Rural Traffic Fatalities Almost Double Urban Road Deaths
Oklahoma is a state of scenic wilderness and charming communities, but driving on the rural highways that tie Oklahoma City, Norman, Tulsa, and other towns together can be treacherous. Car accidents in rural areas of Oklahoma claimed 491 lives in 2011, accounting for 71% of all auto accident deaths in the state for the year.
The data indicate that Oklahoma safety officials have failed to significantly reduce rural traffic deaths in recent years. In 2007, 533 people died in rural Oklahoma auto wrecks, or 71% of Oklahoma road deaths during the year.

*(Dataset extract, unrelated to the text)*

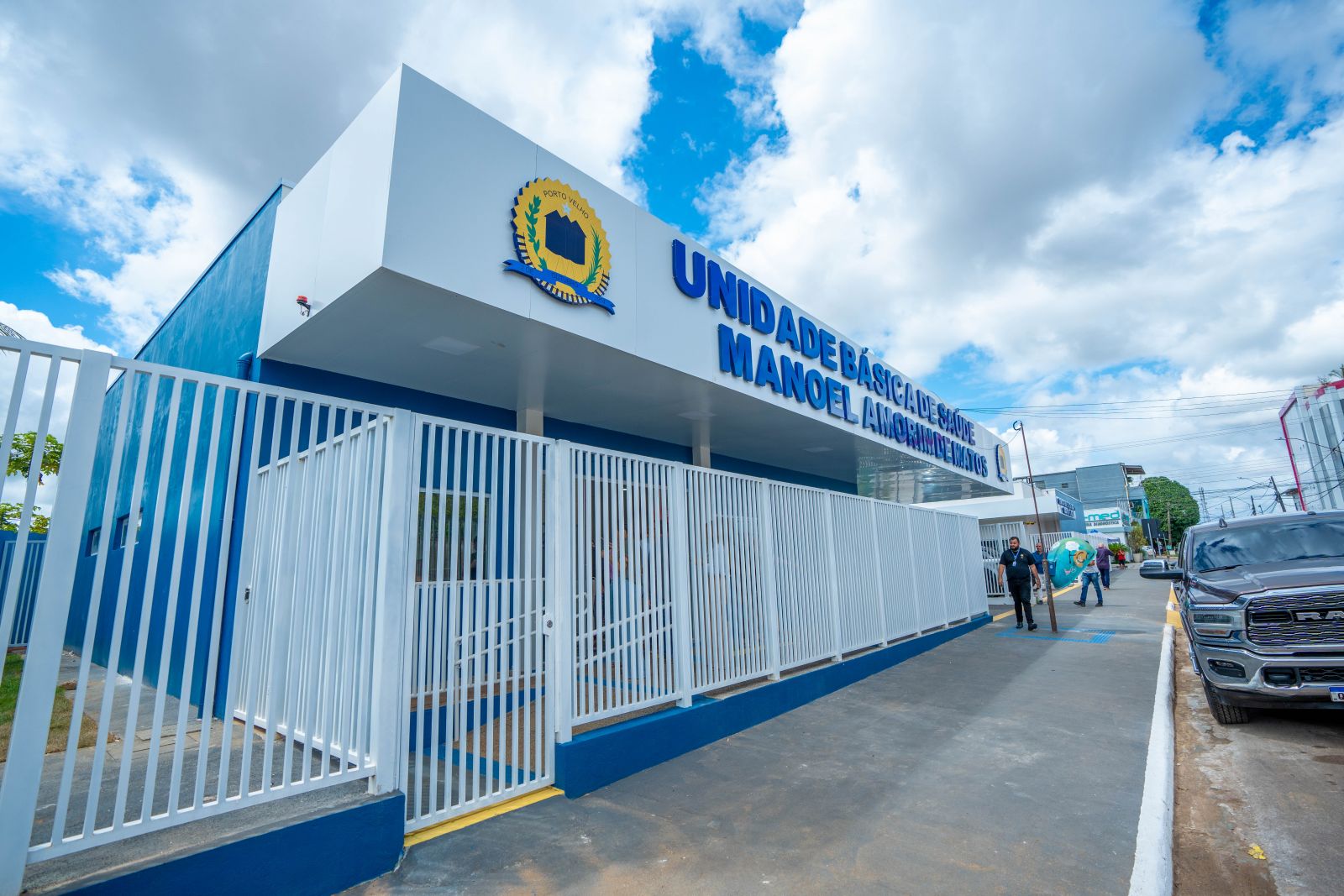 Para ter acesso ao método, a mulher deve procurar a Unidade Básica de Saúde (UBS) de referência para solicitar a inclusão no sistema de regulação municipal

Although the National Highway Traffic Safety Administration launched a campaign in the mid 2000s to encourage rural travelers to buckle up and drive defensively, road deaths in remote areas continue to outpace traffic fatalities in metro areas.
Dangers on Rural Roads
Risk factors for rural crashes include:
Rural drivers often travel more miles than city dwellers.
- Seatbelt use and safe driving tactics are less common on rural roads.
- Rural roads can be less safe than urban roads. Hairpin curves, lack of safety infrastructure (such as guardrails), and uneven pavement are all common hazards in America’s rural heartland.
- Some data suggest that intoxicated driving claims more lives in rural communities than in cities and large towns.
- In rural areas, emergency medical services are sometimes unable to reach the scene of an auto wreck in time to save lives.
- Vehicles in rural areas may be less safe than cars registered in cities.
- Rural car crashes may be more severe because of differing speed limits and less strict enforcement of traffic laws.
For years, rural car crash deaths have outpaced urban wreck fatalities despite overall reductions in road deaths in the U.S. in the past decade. Researchers have been looking into the disparity between rural and urban auto wreck deaths. Only 15% of Americans live in rural areas, which makes the high rate of rural auto crashes even more startling.
In 2005, a study of national databases revealed that rural auto accidents were nearly twice as common as car crashes in cities and towns. Even more troubling, the fatality rate for traffic wrecks in the countryside was three times higher than for metro-area auto accidents.
Rural traffic collisions are particularly dangerous for the elderly and young people. In a 2009 Johns Hopkins University study of elderly drivers, rural seniors were almost twice as likely to blow stop signs, compared with retirement-aged drivers in metropolitan areas. In the same year, rural crash fatalities accounted for well over half of the teen driving deaths in the nation.
Teenage and senior citizen drivers are of paramount concern for traffic safety officials because of high injury and death rates in auto collisions involving young and old drivers. A big part of solving the problem must include effective crash mitigation and reduction on rural roads.
Ways to avoid traffic wrecks on rural roads include:
- Be aware that signage, GPS, and road maps may not be correct in rural areas. Take time to plan trips to avoid getting lost or distracted by navigation.
- Be especially careful on blind curves, narrow lanes that cannot accommodate more than one vehicle, and uneven road surfaces.
- Keep a sharp eye on the road for obstacles and debris. Distracted driving claims lives, and unexpected road hazards are a daily reality on Oklahoma rural roads.
- Take extreme care when passing other vehicles.
- Exercise caution on hills. Excessive speed and loss of vehicle control are very real possibilities when coasting downhill. Also, uphill traffic may move slowly.